Finally, you have to partition, or shard, your data across distributed nodes. For Oracle, partitioning allows a table, or index to be subdivided into smaller pieces or partitions that each have their own names and storage characteristics. This isn’t too different from many other NoSQL databases where you split up data among nodes based on a shard key. But, there are multiple approaches to how you partition data in Oracle. You can use TimesTen or a less-supported product, Coherence, to leverage in-memory caching to take some load off the database.
Sound complicated?

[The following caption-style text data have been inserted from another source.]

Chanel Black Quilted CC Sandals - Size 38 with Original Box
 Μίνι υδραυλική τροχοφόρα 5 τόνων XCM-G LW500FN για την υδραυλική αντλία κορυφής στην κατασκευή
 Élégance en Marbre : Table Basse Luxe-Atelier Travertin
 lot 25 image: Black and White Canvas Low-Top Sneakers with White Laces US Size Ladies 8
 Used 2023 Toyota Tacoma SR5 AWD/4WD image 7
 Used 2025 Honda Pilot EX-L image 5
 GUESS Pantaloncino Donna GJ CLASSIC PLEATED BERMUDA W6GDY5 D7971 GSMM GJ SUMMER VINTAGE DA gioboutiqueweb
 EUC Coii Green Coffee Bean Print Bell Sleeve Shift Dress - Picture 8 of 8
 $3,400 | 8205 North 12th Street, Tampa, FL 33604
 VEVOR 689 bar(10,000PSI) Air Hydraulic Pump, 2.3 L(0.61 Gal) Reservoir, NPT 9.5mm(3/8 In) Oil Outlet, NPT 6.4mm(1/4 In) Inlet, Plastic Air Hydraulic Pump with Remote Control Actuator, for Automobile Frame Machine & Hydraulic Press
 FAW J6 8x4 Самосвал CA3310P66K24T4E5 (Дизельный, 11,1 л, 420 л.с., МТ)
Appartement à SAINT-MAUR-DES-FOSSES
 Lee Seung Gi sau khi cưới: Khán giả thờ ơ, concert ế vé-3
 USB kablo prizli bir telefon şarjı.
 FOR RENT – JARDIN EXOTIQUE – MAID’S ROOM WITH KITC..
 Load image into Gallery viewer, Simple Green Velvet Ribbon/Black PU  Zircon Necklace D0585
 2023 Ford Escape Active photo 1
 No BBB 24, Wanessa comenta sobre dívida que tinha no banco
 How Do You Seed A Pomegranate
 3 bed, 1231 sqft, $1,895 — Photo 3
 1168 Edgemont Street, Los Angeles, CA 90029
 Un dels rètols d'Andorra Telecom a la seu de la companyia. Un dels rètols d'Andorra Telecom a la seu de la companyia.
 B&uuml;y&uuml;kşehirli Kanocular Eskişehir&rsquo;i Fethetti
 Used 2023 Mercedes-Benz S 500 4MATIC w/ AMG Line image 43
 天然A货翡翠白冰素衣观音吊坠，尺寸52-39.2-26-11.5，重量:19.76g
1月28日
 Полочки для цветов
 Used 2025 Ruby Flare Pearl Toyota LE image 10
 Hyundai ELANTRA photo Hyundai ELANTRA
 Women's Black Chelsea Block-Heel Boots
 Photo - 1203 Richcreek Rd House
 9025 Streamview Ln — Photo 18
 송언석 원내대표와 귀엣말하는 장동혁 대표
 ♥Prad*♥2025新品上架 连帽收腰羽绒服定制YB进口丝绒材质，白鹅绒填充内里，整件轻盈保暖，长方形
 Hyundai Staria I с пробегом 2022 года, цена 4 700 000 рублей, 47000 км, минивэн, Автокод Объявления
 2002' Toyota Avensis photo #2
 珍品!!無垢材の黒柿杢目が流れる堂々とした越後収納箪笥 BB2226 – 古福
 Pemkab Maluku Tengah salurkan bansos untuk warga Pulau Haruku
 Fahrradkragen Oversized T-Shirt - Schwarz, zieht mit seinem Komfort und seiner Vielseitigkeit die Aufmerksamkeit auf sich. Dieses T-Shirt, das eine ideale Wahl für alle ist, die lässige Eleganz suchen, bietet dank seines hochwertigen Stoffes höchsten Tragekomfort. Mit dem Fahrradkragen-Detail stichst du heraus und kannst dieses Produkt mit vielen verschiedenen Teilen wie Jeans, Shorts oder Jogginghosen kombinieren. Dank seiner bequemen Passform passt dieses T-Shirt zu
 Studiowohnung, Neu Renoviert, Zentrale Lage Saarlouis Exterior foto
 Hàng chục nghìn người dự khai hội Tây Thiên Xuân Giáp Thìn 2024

It is.
Oracle knows their scalability was lacking, which is why they launched new support for automatic sharding in Oracle Database 12c, Release 2. Oracle spokesman Andrew Mendelsohn said that automatic sharding is a “really key component for any database as you move up to cloud scale… It gives you highly reliable, highly scalable infrastructure” (Forbes, “Oracle’s Latest Database: Right Technology, Right Time”, September 20, 2016).
Welcome to the scale-out club. MarkLogic has had automatic sharding for years and we’re happy to see relational vendors coming around to our product advantages. The market has spoken and Oracle and other relational vendors are now taking a page out of the NoSQL handbook. As the CTO at J.P. Morgan said in an interview, “We needed to get away from relational… MarkLogic offered us horizontal scalability, the ability to just add more and not have to do a big infrastructure replacement.”
Click here to read the next post in this two-part series about how NoSQL solves the problem, and the doubts people often have about whether it really can.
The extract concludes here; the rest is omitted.